This study evaluates the performance of six feature selection algorithms on different datasets and studies the impact of different population sizes on algorithm performance. The experimental results show that when the population size is 25 and 50, CSA shows good stability and computational efficiency on the combined dataset, and WOA shows good computational efficiency on the Framingham dataset. Through weighted evaluation indicators, the study found that RF, XGBoost, AdaBoost, and KNN models perform well on the combined dataset, while the NB model performs poorly. On the Framingham dataset, the KNN model performs best, but the results are slightly different from those of Atimbire et al., which may be related to the number of iterations and model parameter settings. Finally, the study concludes that for balanced data, swarm intelligence algorithms can quickly find the global optimal solution, but they perform relatively poorly in unbalanced datasets.

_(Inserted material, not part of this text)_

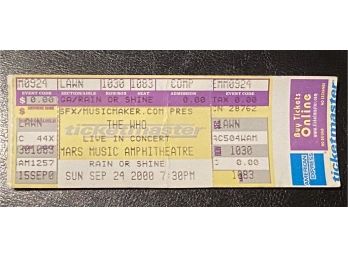 The Who Concert Ticket September 24, 2000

This study has several limitations that deserve further discussion. First, it focuses on the research scope of CVDs. Although in-depth, it limits the wide applicability of the research results in the broad field of biomedicine to a certain extent. Secondly, since multimodal data sets (such as heart sound signals and medical images) were not included in the study, valuable opportunities for a deep understanding of disease mechanisms may have been missed, and further improvements in diagnostic accuracy may have been weakened. Furthermore, in terms of experimental design, the verification process of multiple feature selection algorithms was limited to 50 iterations. This limitation may hinder the full optimization of results and potentially impact their stability, thus restricting the overall evaluation of the algorithm’s performance.

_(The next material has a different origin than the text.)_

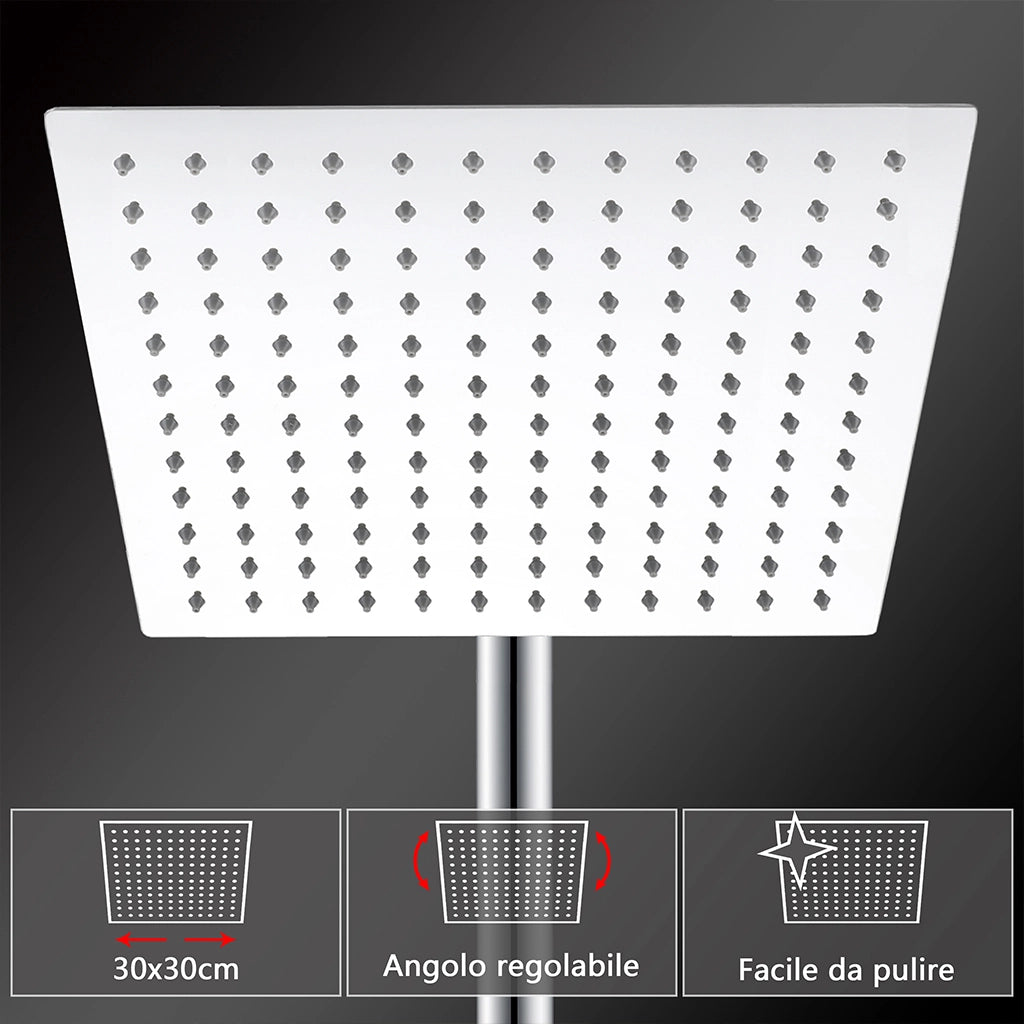 Grande soffione doccia 30x30cm con miscelatore termostatico e doccetta 25x10cm, cromo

Future research should strive to broaden its research scope and integrate richer and more diverse cardiovascular data sets, especially heart sounds and electrocardiogram signals, to enhance the diversity and representativeness of the data. Increasing the number of data instances is essential for a thorough and accurate evaluation of model performance. Moreover, by thoroughly examining the performance of various swarm intelligence feature selection algorithms across multiple iterations and effectively combining multiple classifiers, the accuracy of early CVD diagnosis can be greatly enhanced, providing a more robust and reliable foundation for clinical intervention.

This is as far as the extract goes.